| Aim of the task |
Here is the task for the listing below: output exactly the lines from the one containing "Attractive Women Paintings" through the one containing "Özel akrilik Led", and leave out the pictures.

| Data to examine |

================================

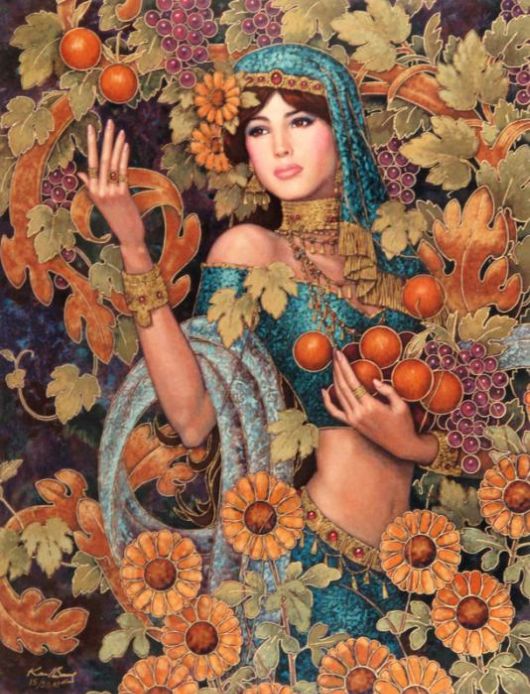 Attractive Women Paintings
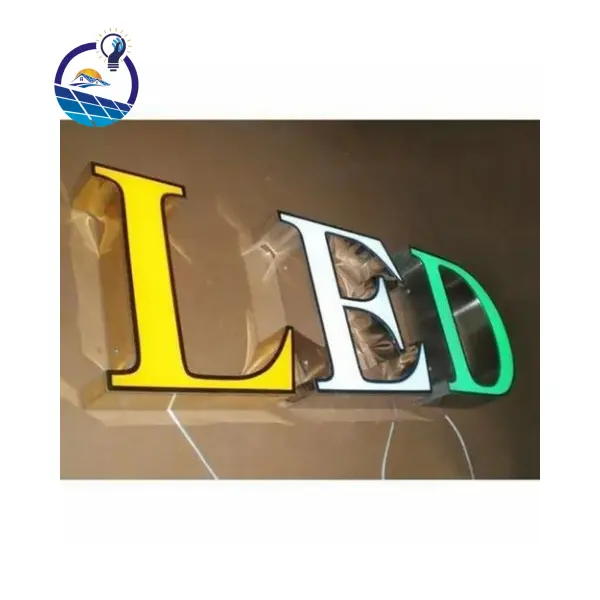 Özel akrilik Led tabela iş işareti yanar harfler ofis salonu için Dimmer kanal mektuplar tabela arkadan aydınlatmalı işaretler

================================

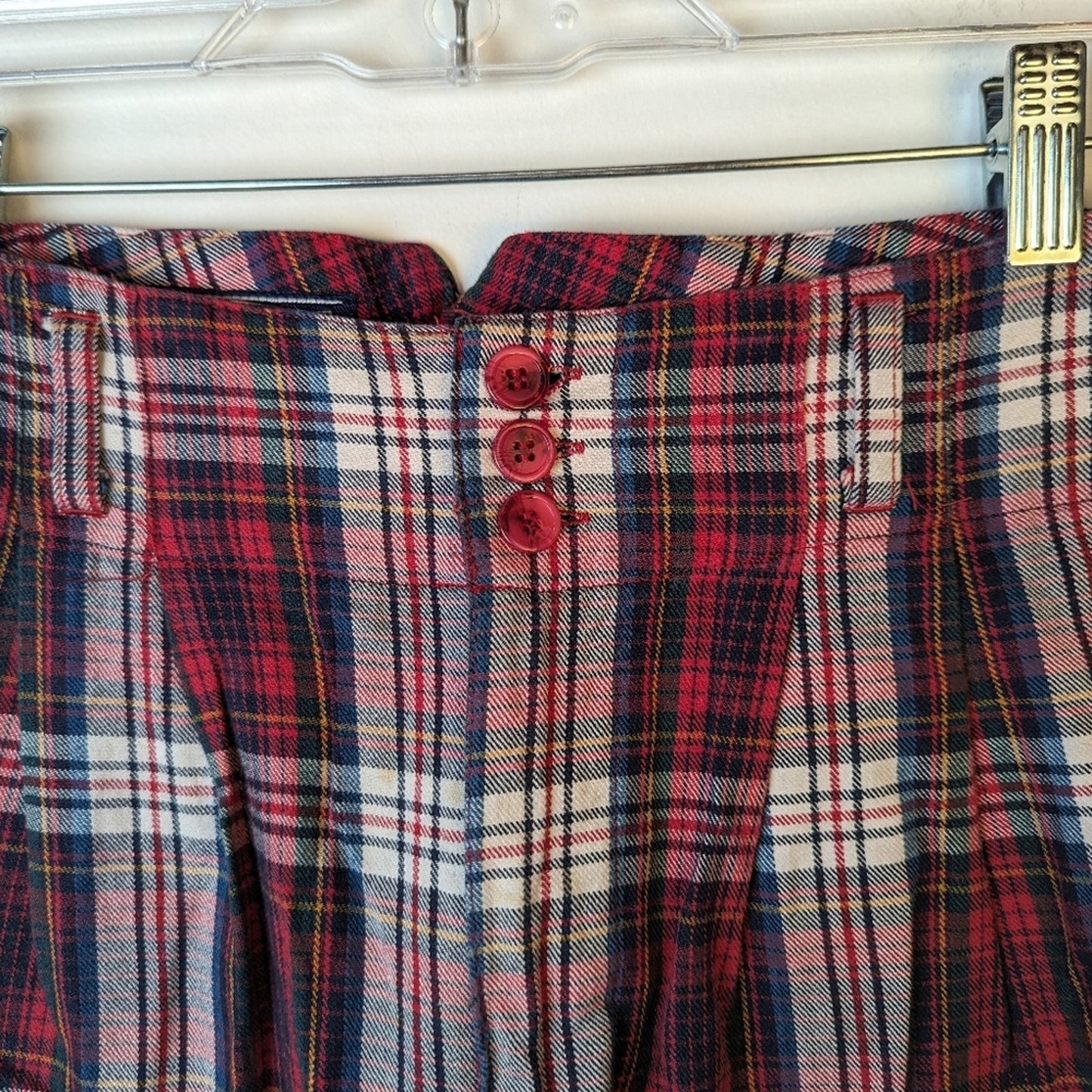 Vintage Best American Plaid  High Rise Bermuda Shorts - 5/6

================================

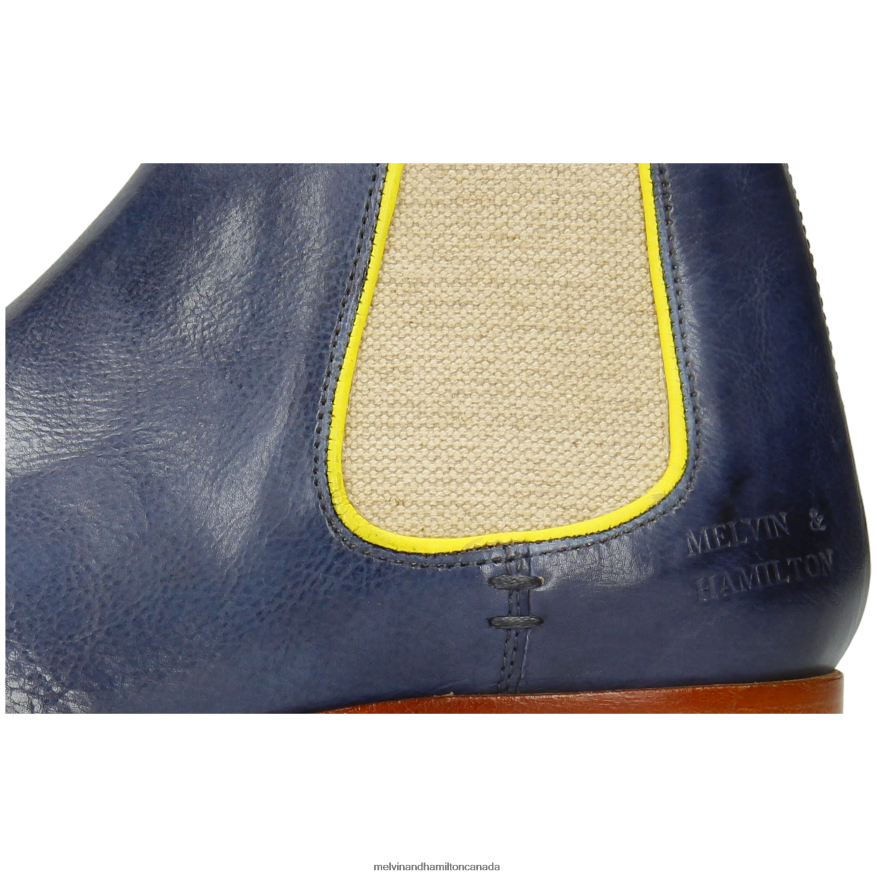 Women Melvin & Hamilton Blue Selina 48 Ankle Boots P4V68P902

================================

| Written response |
 Attractive Women Paintings
 Özel akrilik Led tabela iş işareti yanar harfler ofis salonu için Dimmer kanal mektuplar tabela arkadan aydınlatmalı işaretler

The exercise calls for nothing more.